3 Mayıs’ta, Şam'da Suriye Devlet Başkanı Beşşar Esed'in resminin önünden geçen bir adam (AFP)
3 Mayıs’ta, Şam'da Suriye Devlet Başkanı Beşşar Esed'in resminin önünden geçen bir adam (AFP)
TT

Suriye, Rusya'nın  ‘Anayasa Komitesi tavsiyesini’ nasıl karşıladı?

3 Mayıs’ta, Şam'da Suriye Devlet Başkanı Beşşar Esed'in resminin önünden geçen bir adam (AFP)
3 Mayıs’ta, Şam'da Suriye Devlet Başkanı Beşşar Esed'in resminin önünden geçen bir adam (AFP)

Suriye Anayasa Komitesi’nin Cenevre'deki toplantılarının altıncı turunun, 26 Mayıs’ta yapılması planlanan cumhurbaşkanlığı seçimlerinden önce gerçekleşmesi şansı, Rusya’nın Suriye hükümetine ve Birleşmiş Millerler (BM) Suriye Özel Temsilcisi Geir O. Pedersen’e verdiği ‘tavsiyenin’ aksine azaldı.
Rusya'nın Şam Büyükelçisi Aleksandr Yefimov, geçtiğimiz hafta Suriye Devlet Başkanı Beşşar Esed ile gerçekleştirdiği görüşmede, Şam’ın Suriye Anayasa Komitesi’nin rejim Eş Başkanı Ahmed Kuzbari’yi BM Suriye Özel Temsilcisi Pedersen'e Suriye Anayasa Komitesi'nin muhalif Eş Başkanı Hadi el-Bahra ile Kuzbari arasında Suriye Anayasası’nı hazırlamaya başlamak için ihtiyaç duyulan mekanizmaya ilişkin anlaşmaya varılması konusundaki planına yazılı bir yanıt vermekle yetkilendirmesini sağlamayı başardı. Ancak bu adım, Anayasa Komitesi toplantılarının altıncı turunun, cumhurbaşkanlığı seçimleri öncesinde yapılmasını sağlayacak zemini oluşturmaya yetmedi.

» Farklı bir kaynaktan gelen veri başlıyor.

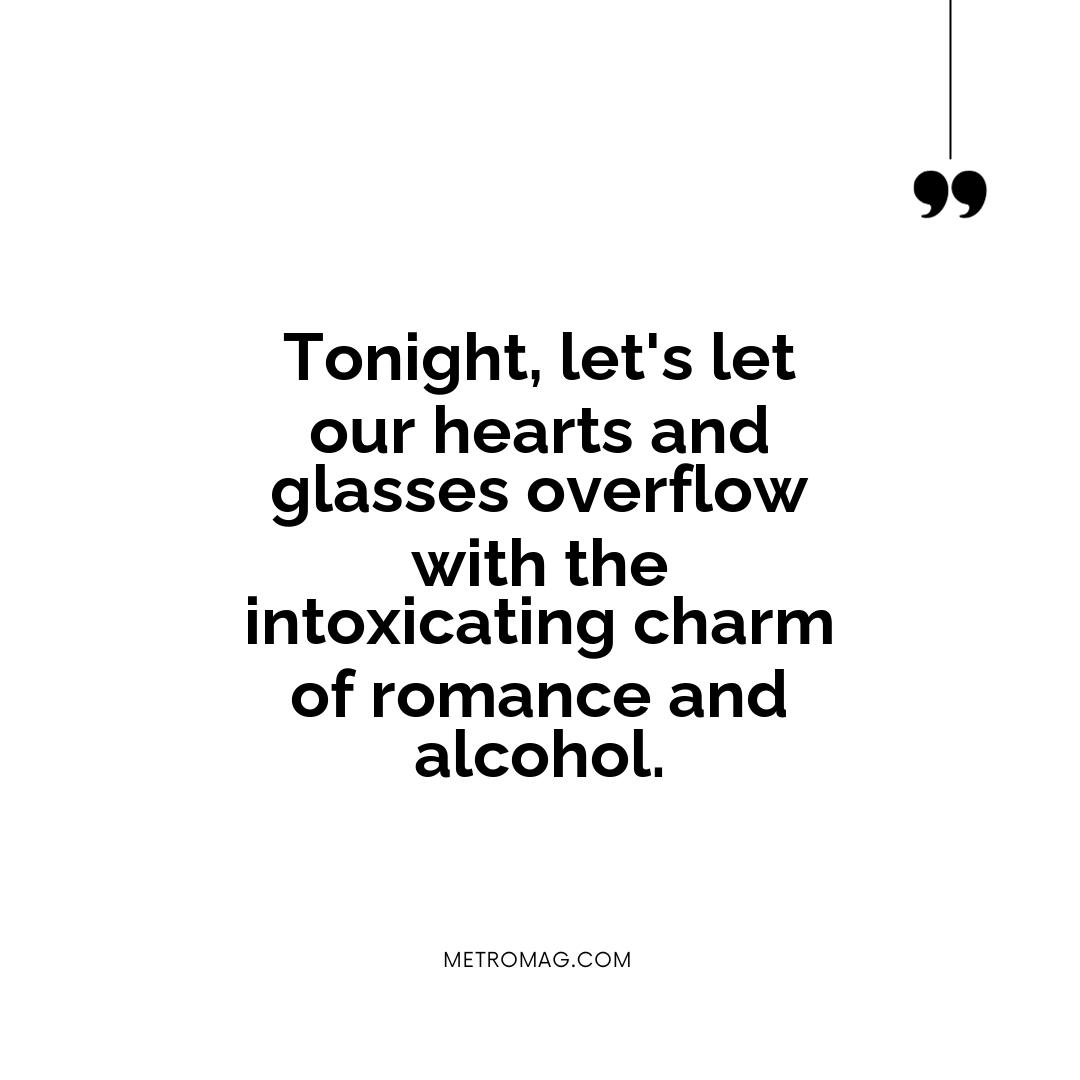 Tonight, let's let our hearts and glasses overflow with the intoxicating charm of romance and alcohol.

Kuzbari ve Bahra arasında geçtğimiz Nisan ayında anayasa reformu ‘tartışmasından’ anayasanın maddelerini ‘formüle etmeye’ geçiş mekanizmasına ilişkin yaşanan derin anlaşmazlıklar karşısında Pedersen, 15 Nisan'da iki tarafa bir yazılı anlaşma taslağı önerisinde bulundu. Şarku’l Avsat tarafından yayınlanan taslak, BM’nin Suriye Anayasası’nın hazırlanmasına yönelik bir mekanizma ‘dayatan’ ilk belgesiydi ve 5 maddelik bir eylem planı önerisi içeriyordu. Taslakta, her iki heyetin de, Cenevre'deki toplantılara gitmeden önce Pedersen’e, anayasa taslağına dahil edilecek temel anayasa ilkelerinin taslak metinlerinin dahil olduğu yazılı teklifler sunmalarını, dört gün sürecek toplantıların her birinde, ‘temel anayasal ilkelerden en az birine değinilmesini ve bu konudaki görüşmeler tamamlanmasını’ öngörüyor.

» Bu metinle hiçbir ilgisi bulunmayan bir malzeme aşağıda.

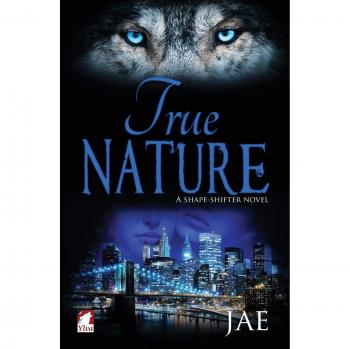 True Nature: Volume 4 (The Shape-Shifter Series) - English Edition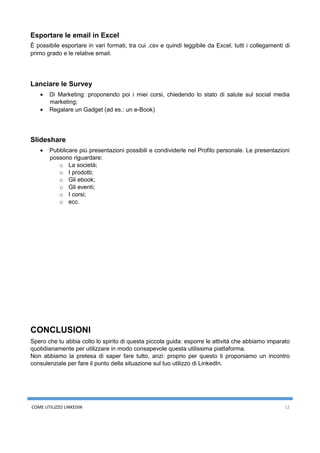 COME UTILIZZO LINKEDIN 12
Esportare le email in Excel
È possibile esportare in vari formati, tra cui .csv e quindi leggibile da Excel, tutti i collegamenti di
primo grado e le relative email.
Lanciare le Survey
• Di Marketing: proponendo poi i miei corsi, chiedendo lo stato di salute sul social media
marketing;
• Regalare un Gadget (ad es.: un e-Book)
Slideshare
• Pubblicare più presentazioni possibili e condividerle nel Profilo personale. Le presentazioni
possono riguardare:
o La società;
o I prodotti;
o Gli ebook;
o Gli eventi;
o I corsi;
o ecc.
CONCLUSIONI
Spero che tu abbia colto lo spirito di questa piccola guida: esporre le attività che abbiamo imparato
quotidianamente per utilizzare in modo consapevole questa utilissima piattaforma.
Non abbiamo la pretesa di saper fare tutto, anzi: proprio per questo ti proponiamo un incontro
consulenziale per fare il punto della situazione sul tuo utilizzo di LinkedIn.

Pedersen’in planı, Anayasa Komitesi’ndeki rejim, muhalefet ve sivil toplum heyetlerinden 15’er kişinin katılımıyla oluşturulan 45 kişilik Küçültülmüş Grubun, anayasal ilke ve üzerindeki düzenlemelerle ilgili anlaşmaya varma olasılığının test edilmesini ve değişikliklerin tartışılmasını içeriyordu. Planda, bir ilke üzerimde uzlaşmaya varılamaması, diğer konuların tartışılmasına engel olmamak kaydıyla, bir sonraki anayasal ilkeye geçişi ve Küçültülmüş Grubun bu ilkelere zamanında dönme olasılığını engellemeyeceği vurgulandı.

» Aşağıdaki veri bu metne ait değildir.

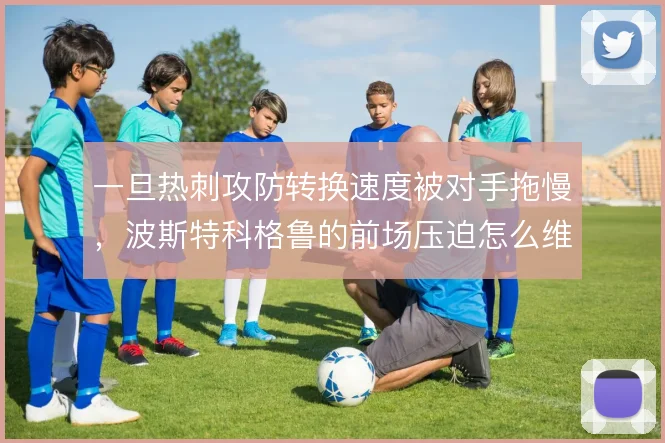一旦热刺攻防转换速度被对手拖慢，波斯特科格鲁的前场压迫怎么维持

Taslak anlaşma, Rusya’nın muhataplarına söz verdiği gibi, uzlaşı şansını artırmak, Anayasa Komitesi’nin çalışmalarını sürdürmesini ve görüşülmesi önerilen anayasal ilkelere ilişkin tekliflerin belirlenmesini sağlamak için rejim ve muhalif heyet başkanları ile BM Özel Temsilcisi arasında periyodik üçlü toplantılar yapılmasına işaret ederken Kuzbari ve Bahara’nın, anayasal ilkeleri etkili bir şekilde sunmak ve tartışmak için pratik araçlar belirleyebileceklerini, ardından sonraki toplantı turlarının takvimi ve bu yılın sonuna kadar ki çalışma planı üzerinde fikir birliğine varabileceklerini öngörüyor.
Rus tarafının Moskova'nın cumhurbaşkanlığı seçimlerinden önce altıncı turun gerçekleşmesi hedefine ulaşmak için Şam'ı herhangi bir değişiklik yapmadan anlaşmayı imzalamaya ikna ettiği iddia edildi. Ancak Şam, Kuzbari’nin, Bahara'dan sonra Pedersen’in taslağına cevap vermesinden ve bu ayın 26’ında yapılması planlanan cumhurbaşkanlığı seçimleri öncesinde altıncı turun yapılmasını sağlayamamasından ötürü ‘yarım bir başarı’ yakalayabildi. Bu da, toplantıların, cumhurbaşkanlığı seçimlerinin mevcut 2012 tarihli Suriye Anayasası’na göre yapıldıktan sonra gerçekleşeceği anlamına geliyor.
Kuzbari, aylar önce cumhurbaşkanlığı seçimlerinden önce anayasa reformu konusunda ciddi müzakerelere girmemesi konusunda ‘talimatlar’ almıştı. Böylece 2012 Anayasası’na göre yapılacak seçimlerde Cumhurbaşkanı Beşşar Esed, 2000 yılında iktidara gelmesinden bu yana dördüncü kez, 7 yıllık yeni bir dönem daha kazanacak.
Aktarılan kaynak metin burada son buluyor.